Reproduce, exactly and only, the lines of the data that follows from the one containing "Набор для раскопок" down to the one containing "Débardeur Femme 'Je", without pictures.

# Input records
▬▬▬▬▬▬▬▬▬▬
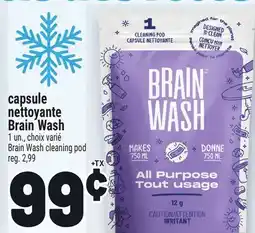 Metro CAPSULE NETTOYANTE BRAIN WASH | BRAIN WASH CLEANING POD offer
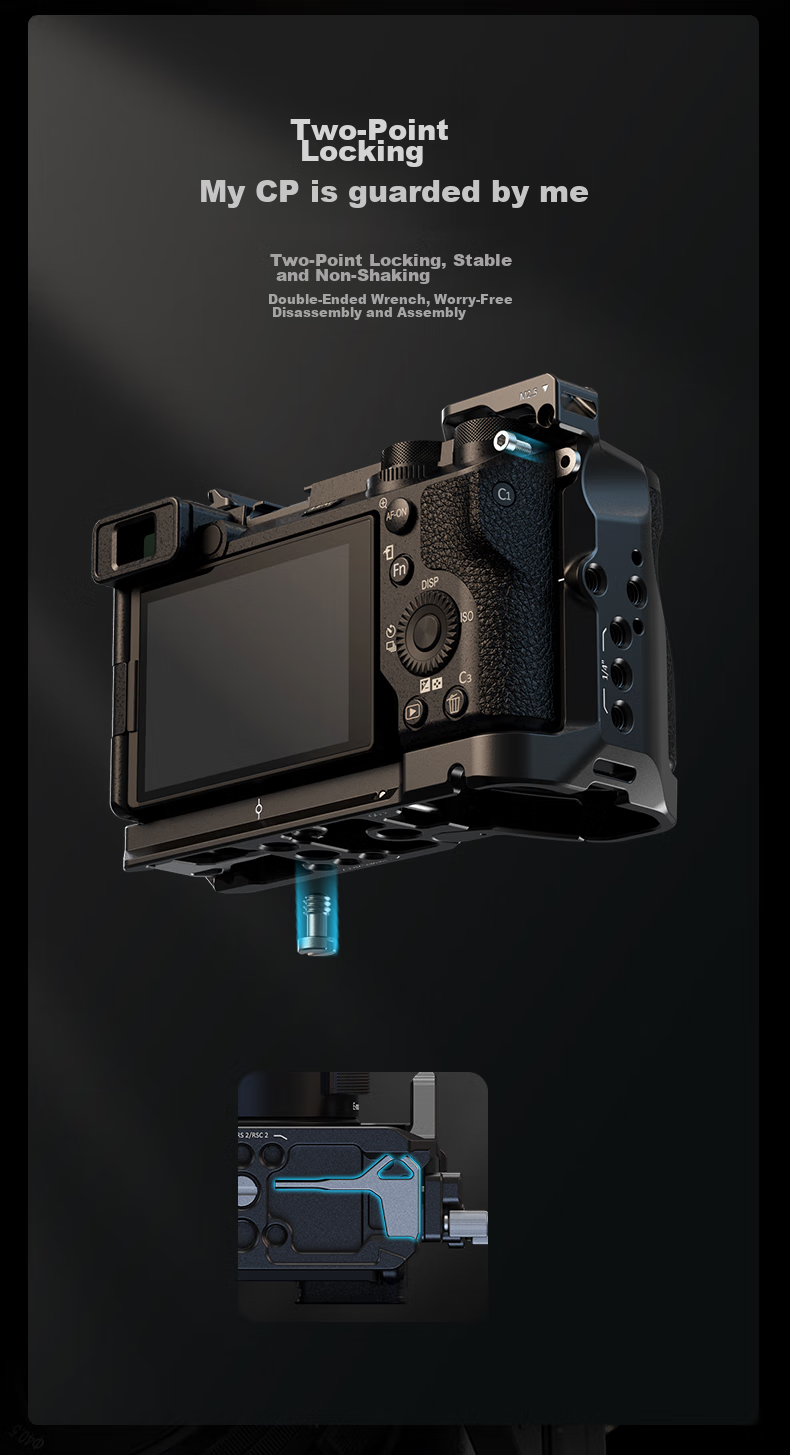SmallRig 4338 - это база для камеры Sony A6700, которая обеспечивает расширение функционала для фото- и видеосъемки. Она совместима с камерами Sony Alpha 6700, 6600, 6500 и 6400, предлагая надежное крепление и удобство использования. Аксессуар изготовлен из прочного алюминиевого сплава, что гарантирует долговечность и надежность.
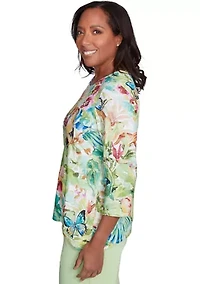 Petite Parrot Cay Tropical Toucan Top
▬▬▬▬▬▬▬▬▬▬
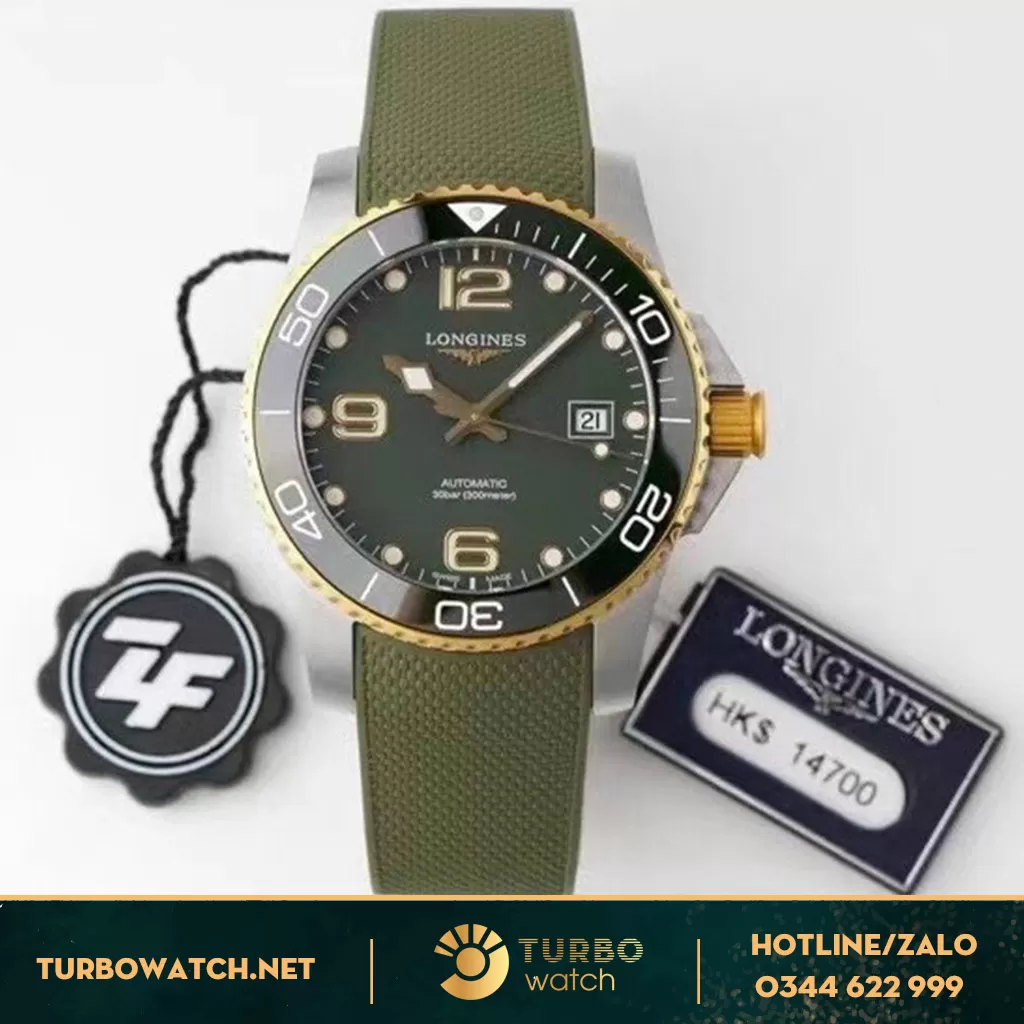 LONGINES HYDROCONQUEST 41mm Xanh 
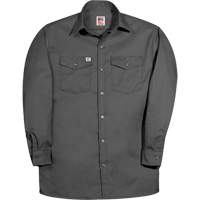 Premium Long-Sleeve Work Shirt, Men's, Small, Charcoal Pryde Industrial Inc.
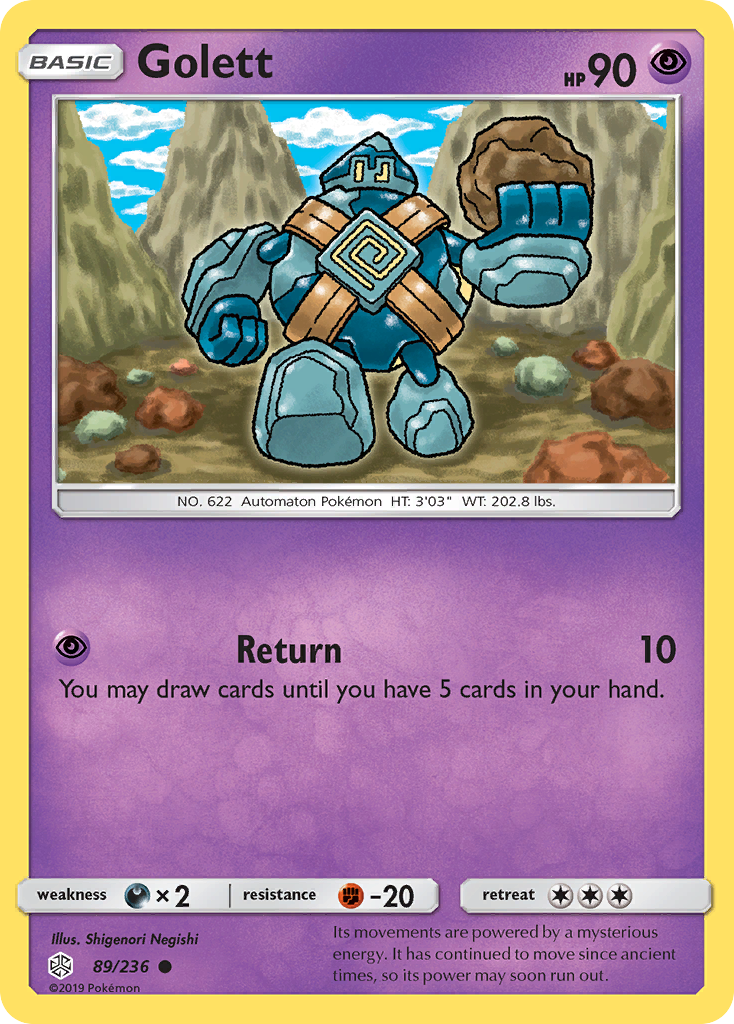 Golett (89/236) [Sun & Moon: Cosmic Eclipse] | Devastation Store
▬▬▬▬▬▬▬▬▬▬
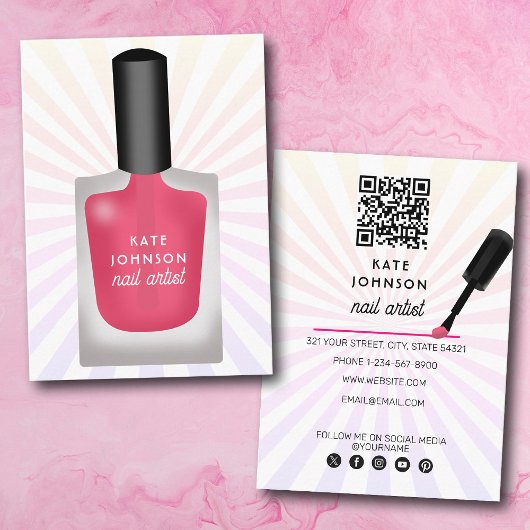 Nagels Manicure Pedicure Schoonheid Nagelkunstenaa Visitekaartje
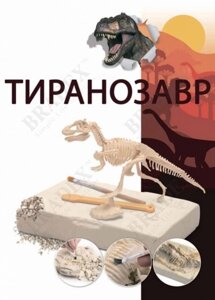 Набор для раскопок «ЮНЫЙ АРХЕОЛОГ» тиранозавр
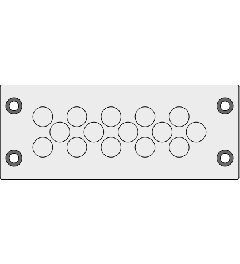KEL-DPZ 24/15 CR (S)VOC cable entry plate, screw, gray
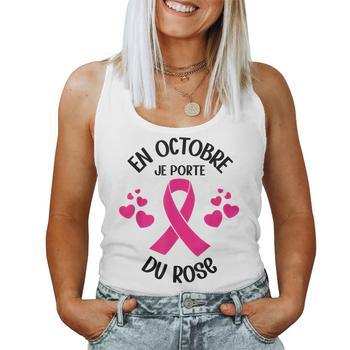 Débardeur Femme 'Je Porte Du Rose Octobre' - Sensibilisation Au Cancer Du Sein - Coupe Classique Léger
▬▬▬▬▬▬▬▬▬▬
# Solution for this exercise
 Набор для раскопок «ЮНЫЙ АРХЕОЛОГ» тиранозавр
KEL-DPZ 24/15 CR (S)VOC cable entry plate, screw, gray
 Débardeur Femme 'Je Porte Du Rose Octobre' - Sensibilisation Au Cancer Du Sein - Coupe Classique Léger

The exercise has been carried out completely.